There is also a tension the announcement does not resolve. Alibaba split itself apart in 2023 with the argument that smaller, independent units would move faster and respond to markets better. Recentralizing AI three years later is an implicit admission that decentralization slowed the parts of the company that now matter most. Both can be defended, but a company cannot claim both that autonomy drives speed and that consolidation drives speed without acknowledging that the right structure depends on what you are optimizing for. For AI in 2026, Alibaba has decided the answer is central control. Whether that survives contact with the next strategy cycle is an open question, and the company's own recent history suggests these structures are not permanent.

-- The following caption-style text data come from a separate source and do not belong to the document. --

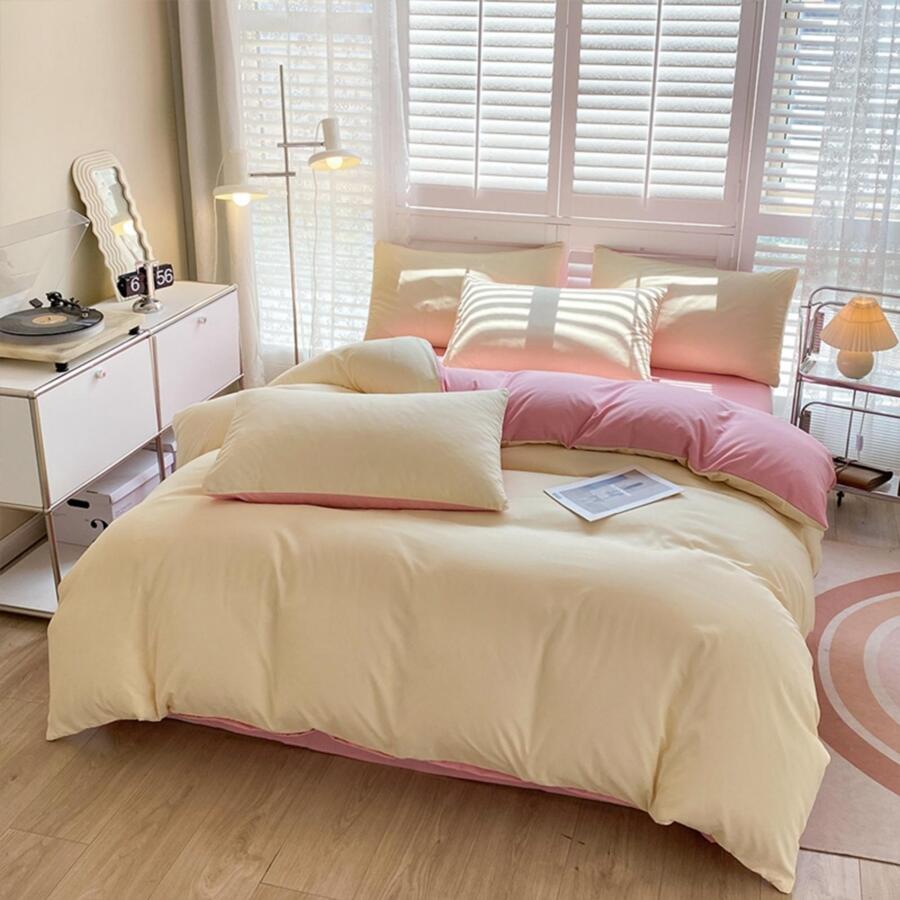 雙色被套套裝帶1入組、1入組床單、2入組無填充物枕套、臥室現代滌綸柔軟被套套裝 - 淺粉色 - 查看 1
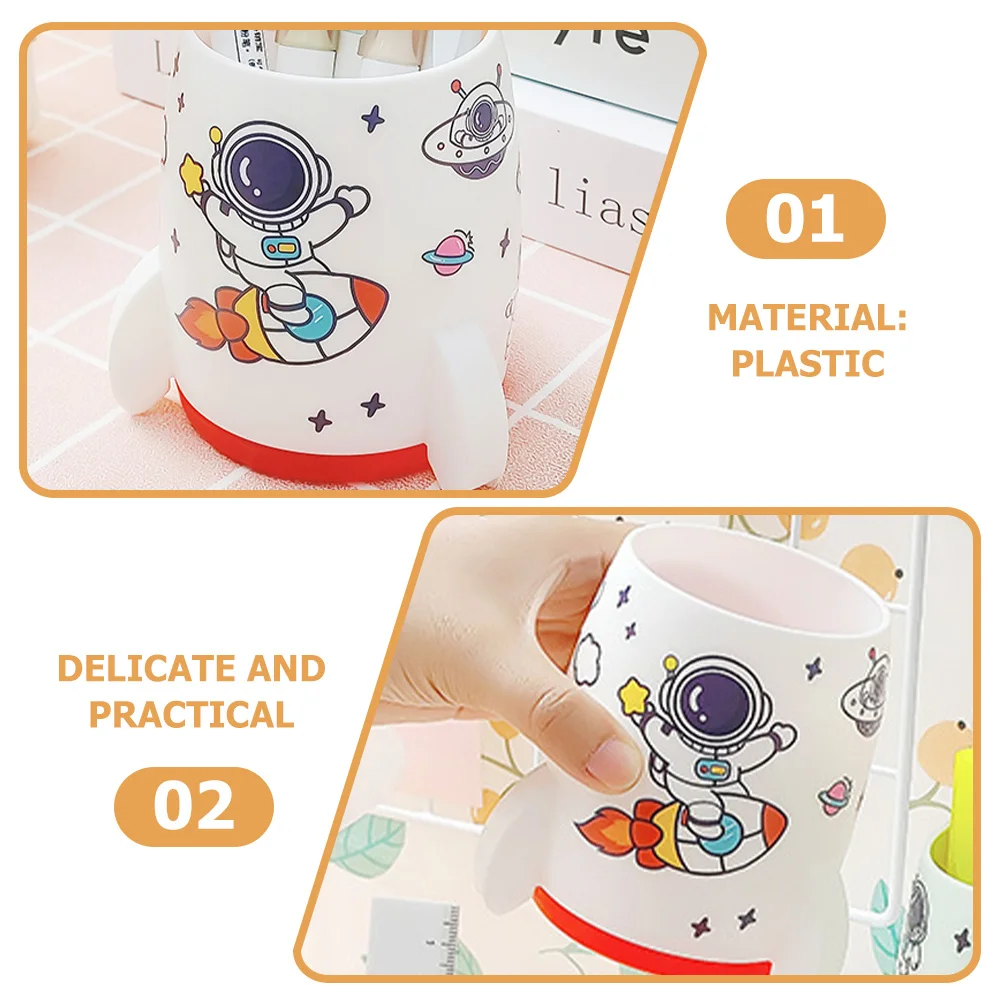 

Rocket Shaped Pen Holder Cute Desktop Pencil Holder Makeup Brush Organizer Stable Design Hair Accessories Storage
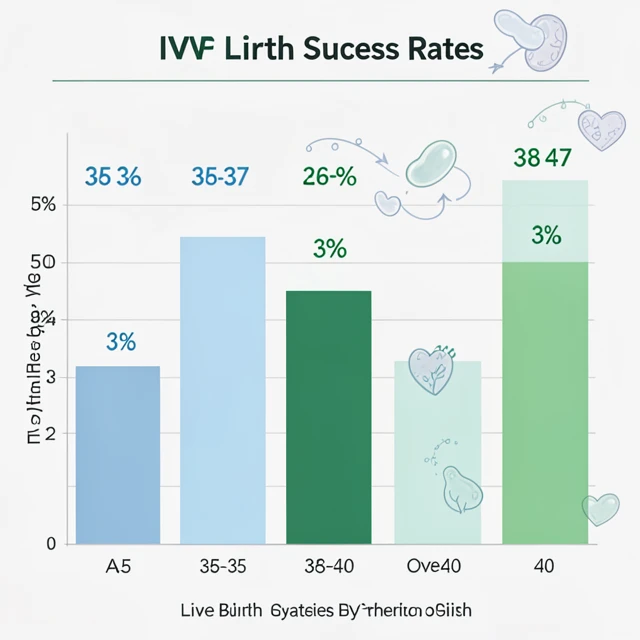 Chart displaying IVF success rates by different age groups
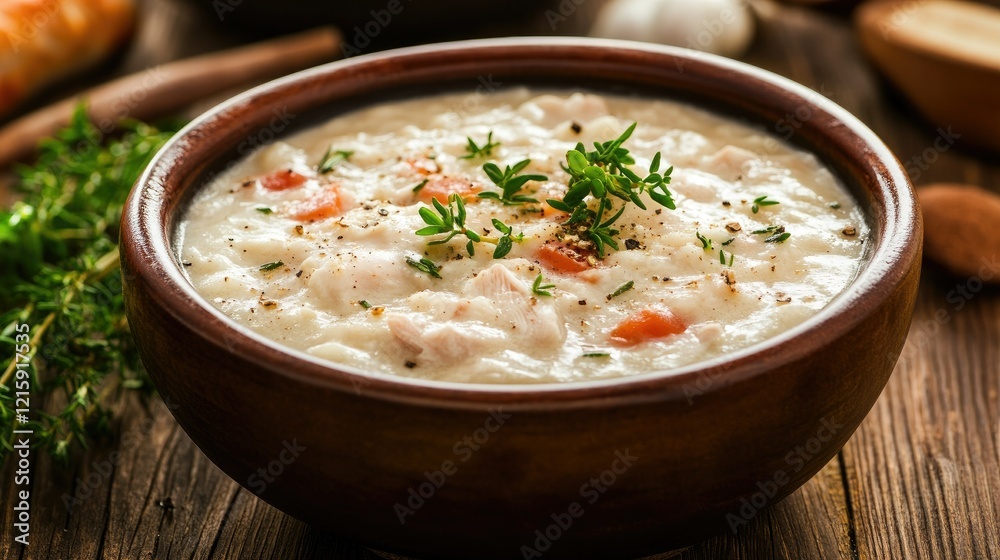A comforting bowl of chicken and dumpling soup with fresh herbs on a wooden table. A comforting bowl of chicken and dumpling soup with fresh herbs on a wooden table.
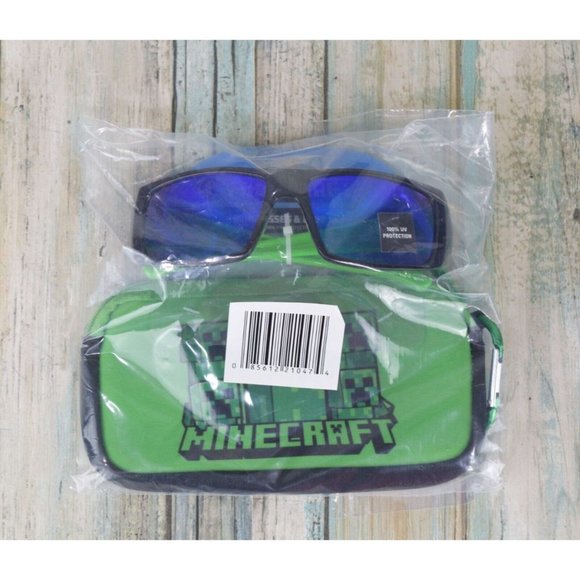Toddler Minecraft Sunglasses & Case Set 100% UV Protection Creepers Glasses - Picture 3 of 4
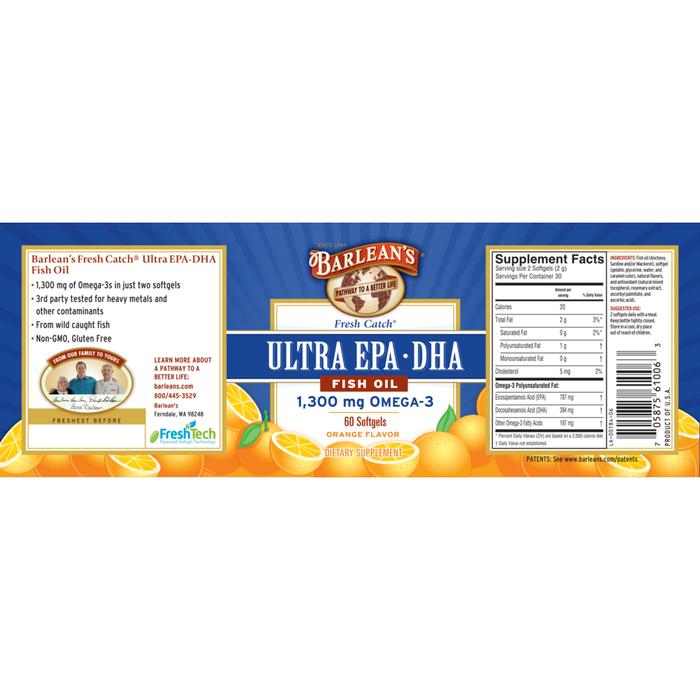 Fresh Catch Ultra EPA-DHA 60 Softgels by Barlean's Organic Oils recommendations and supplement facts label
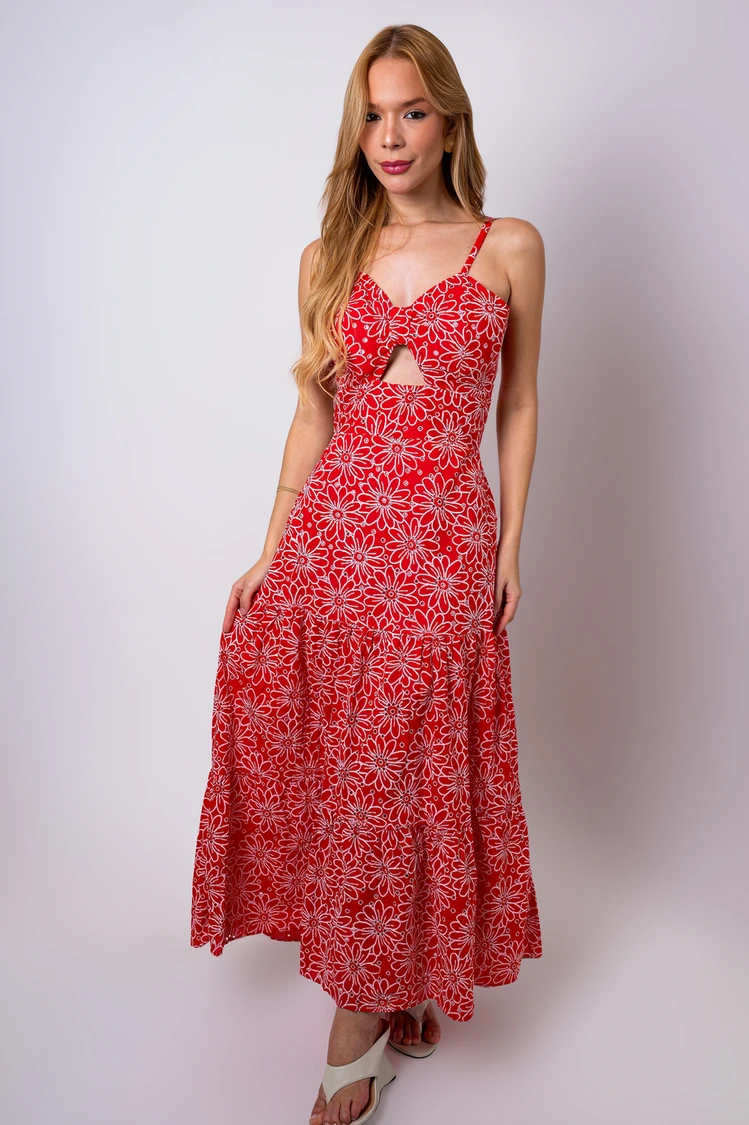 Vestido Dwz Laise Bordada com Amarracao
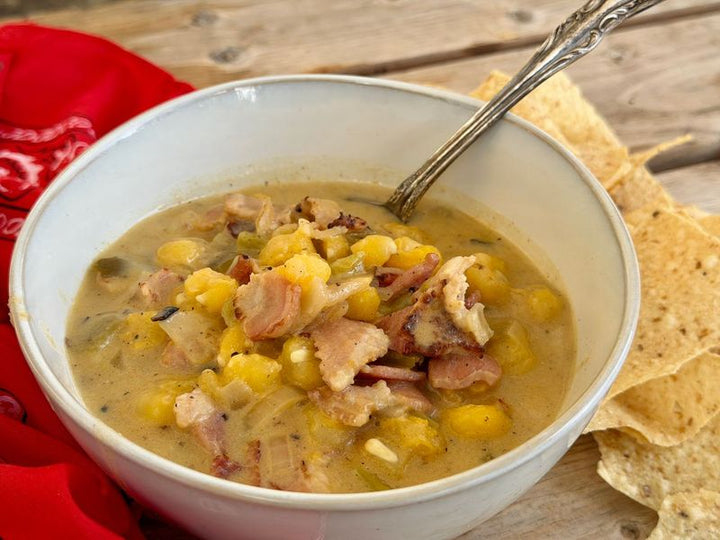 Hominy and Green Chile Soup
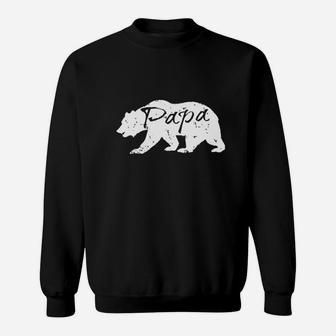 Papa Bear Distressed Father Day Sweatshirt | Crazezy
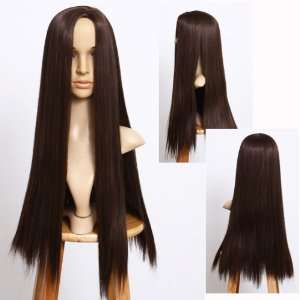  Cosplayland C145 75cm Side Parted brown black straight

The deeper bet is that controlling token flow means controlling the value chain of next-generation AI. That holds only if inference volume remains the scarce, monetizable resource. If model efficiency keeps improving and the cost per token keeps falling, which has been the consistent direction for the past two years, then a strategy built on maximizing token consumption could find its margins compressing even as usage grows. A token sink is a revenue source only as long as tokens are priced to matter.
Why it matters
For anyone tracking the Chinese AI market, the Tongyi and Qwen model families have been among the more credible open-weight releases, with Qwen models showing up frequently in third-party benchmarks and fine-tuning workflows. The reorganization signals that Alibaba intends to treat those models less as research outputs and more as the feedstock for a vertically integrated product-and-cloud machine. That likely means faster product releases, tighter coupling between Alibaba Cloud and the models, and more first-party applications designed to keep usage inside Alibaba's own infrastructure.
For the broader market, it is another data point in a clear trend: the major AI players are converging on the same conclusion, that owning the full path from research to deployment to data feedback is the position worth fighting for. Alibaba is making that bet through org-chart surgery rather than acquisitions, which is cheaper and faster but depends entirely on whether one executive can actually run a research lab, an infrastructure business, and a product portfolio as a single coordinated system. The numbers give the strategy room to run. The execution is the part no reorganization announcement can prove in advance.